=== SUPPLIED RECORDS ===

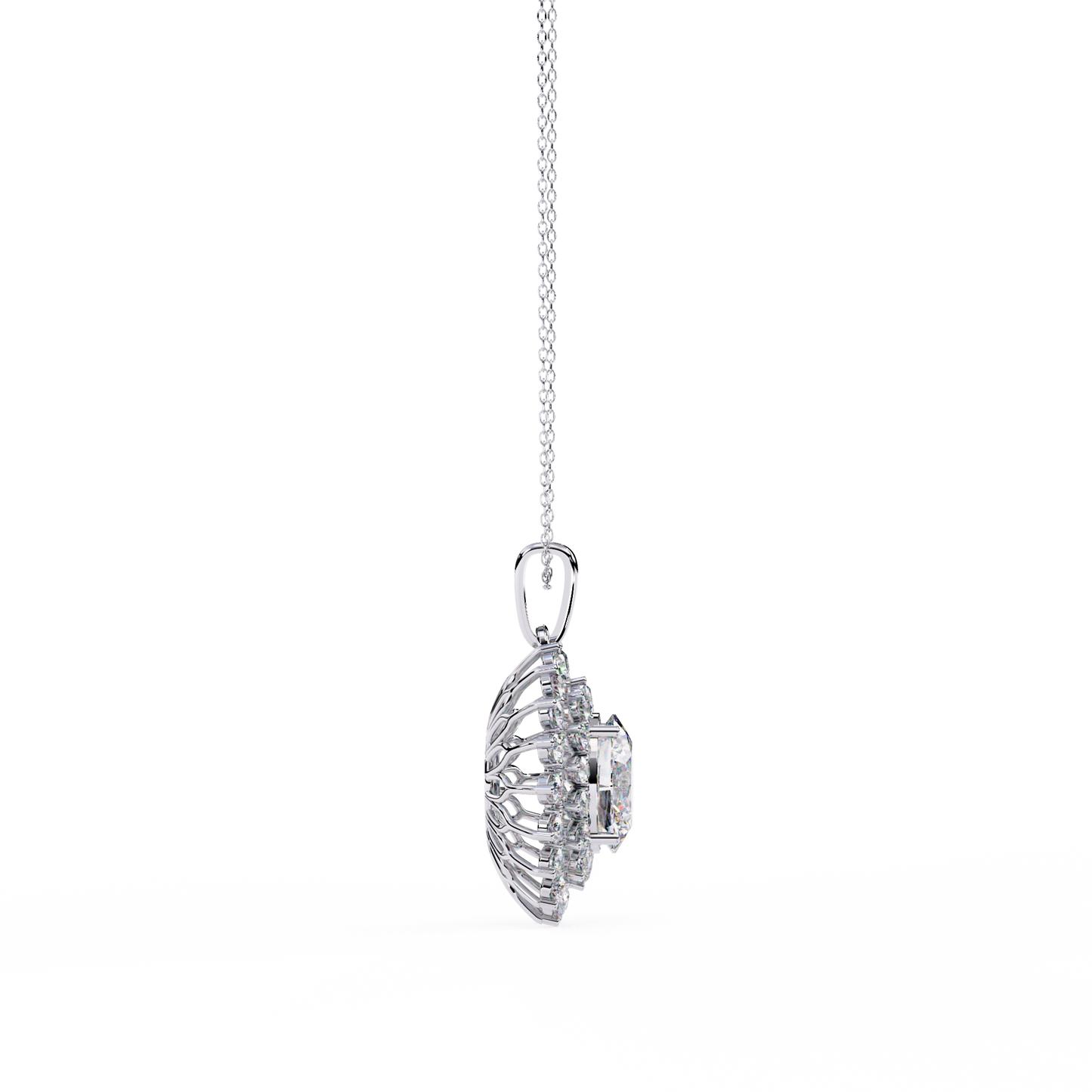 Lab Grown Diamond Pendant Oval Stone (3.41ct ) In 14K Gold Without Chain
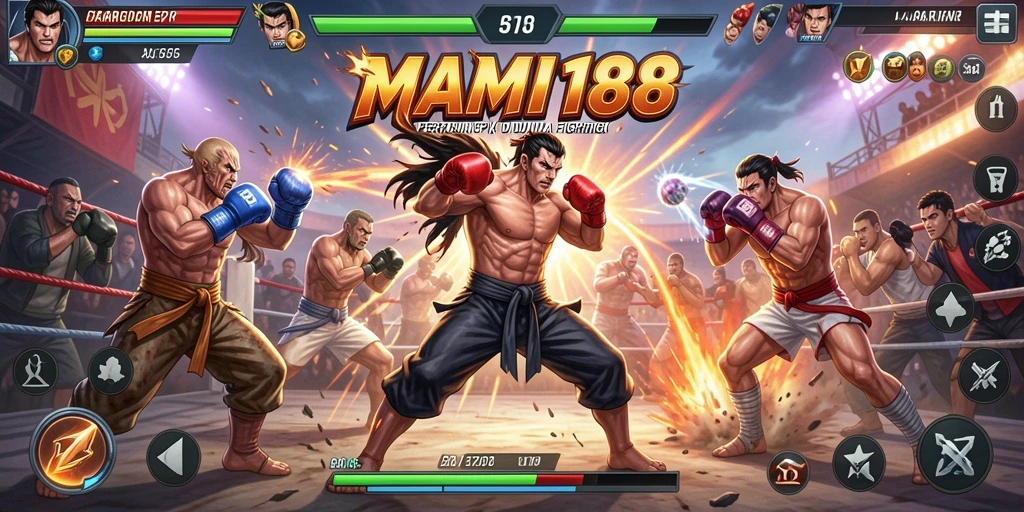 Screenshot MAMI188 menunjukkan pertarungan seru antar karakter.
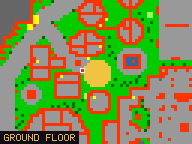Map of Aureate Court 2 in Yalahar: the house is highlighted in gold, the red mark is the entrance.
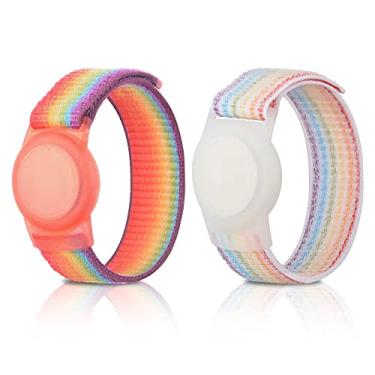 Imagem de Pacote com 2 pulseiras infantis para AirTag, pulseira de nylon para relógio rastreador GPS, capa protetora compatível com Apple Air Tag, pulseira ajustável antiperda para bebês e crianças idosos (arco-íris + arco-íris)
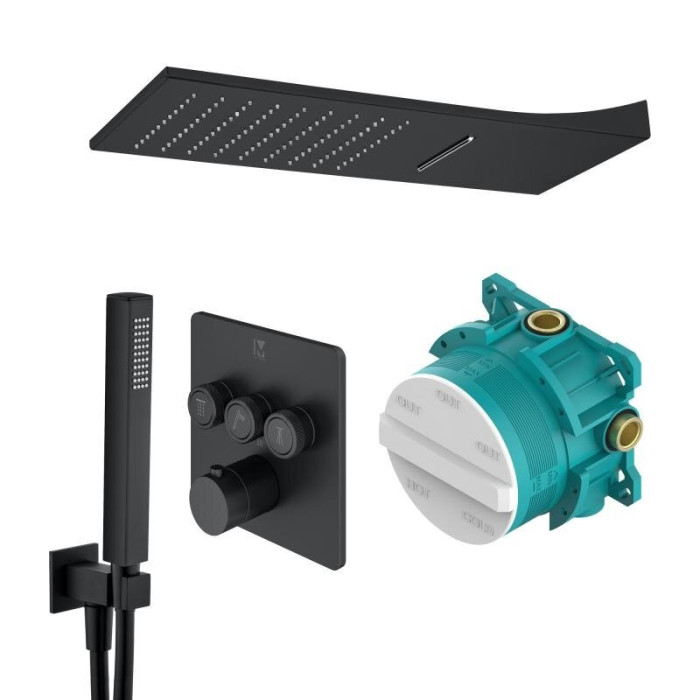 Potinkinis termostaatiline dušikomplekt MARINER Eden B, komplekt Matt Black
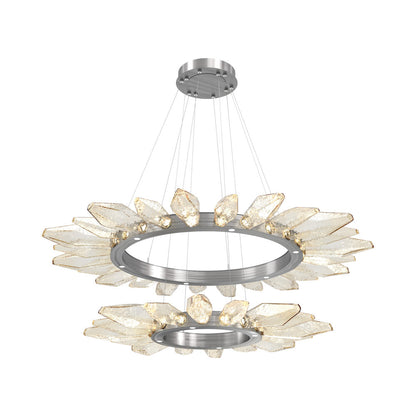 Rock Crystal Two-Tier Radial Ring LED Chandelier in Satin Nickel/Amber Blown Glass.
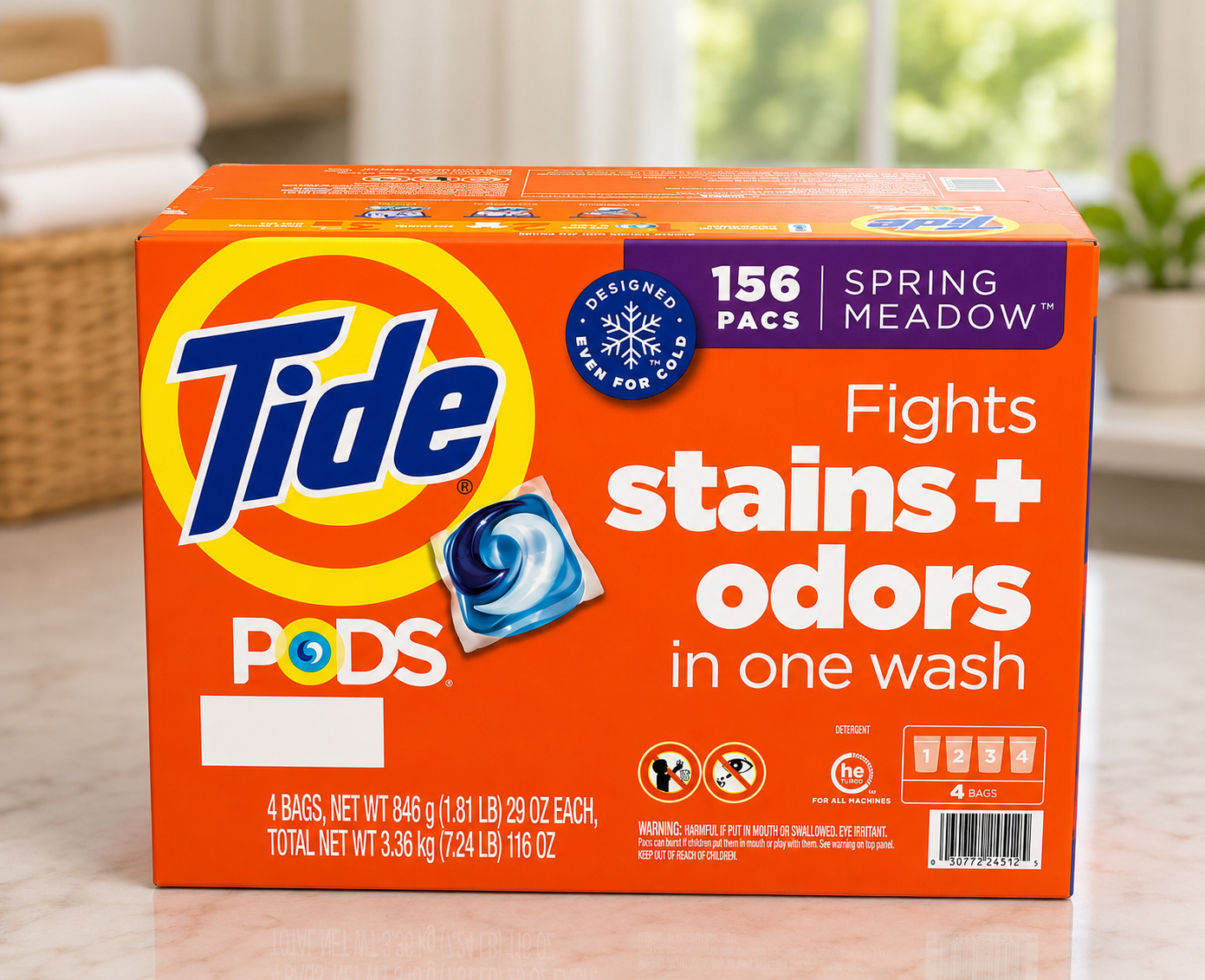 Tide Pods Laundry Detergent Pods, Spring Meadow, 156-count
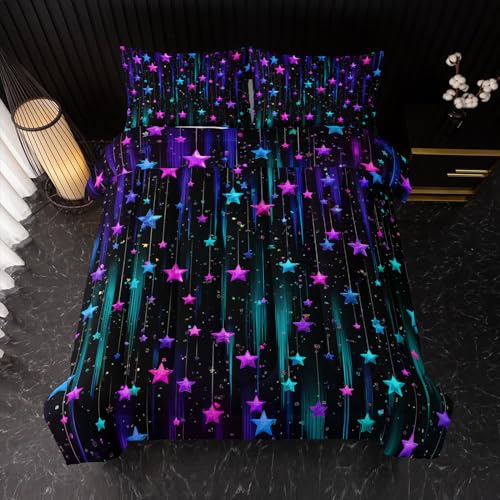 Image of Nttopship Colorful Stars Comforter Set Twin Size,Galaxy Starry Printed Bedding Set for Men Women Adults,Colorful Stars Room Decor with Soft and Lightweight Comforter and 2 Pillowcases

===

#### [TASK DIRECTIONS]
Write out all the entries again, word for word, and print no images.

#### [REPLY TO THE EXERCISE]
 Lab Grown Diamond Pendant Oval Stone (3.41ct ) In 14K Gold Without Chain
 Screenshot MAMI188 menunjukkan pertarungan seru antar karakter.
Map of Aureate Court 2 in Yalahar: the house is highlighted in gold, the red mark is the entrance.
 Imagem de Pacote com 2 pulseiras infantis para AirTag, pulseira de nylon para relógio rastreador GPS, capa protetora compatível com Apple Air Tag, pulseira ajustável antiperda para bebês e crianças idosos (arco-íris + arco-íris)
 Potinkinis termostaatiline dušikomplekt MARINER Eden B, komplekt Matt Black
 Rock Crystal Two-Tier Radial Ring LED Chandelier in Satin Nickel/Amber Blown Glass.
 Tide Pods Laundry Detergent Pods, Spring Meadow, 156-count
 Image of Nttopship Colorful Stars Comforter Set Twin Size,Galaxy Starry Printed Bedding Set for Men Women Adults,Colorful Stars Room Decor with Soft and Lightweight Comforter and 2 Pillowcases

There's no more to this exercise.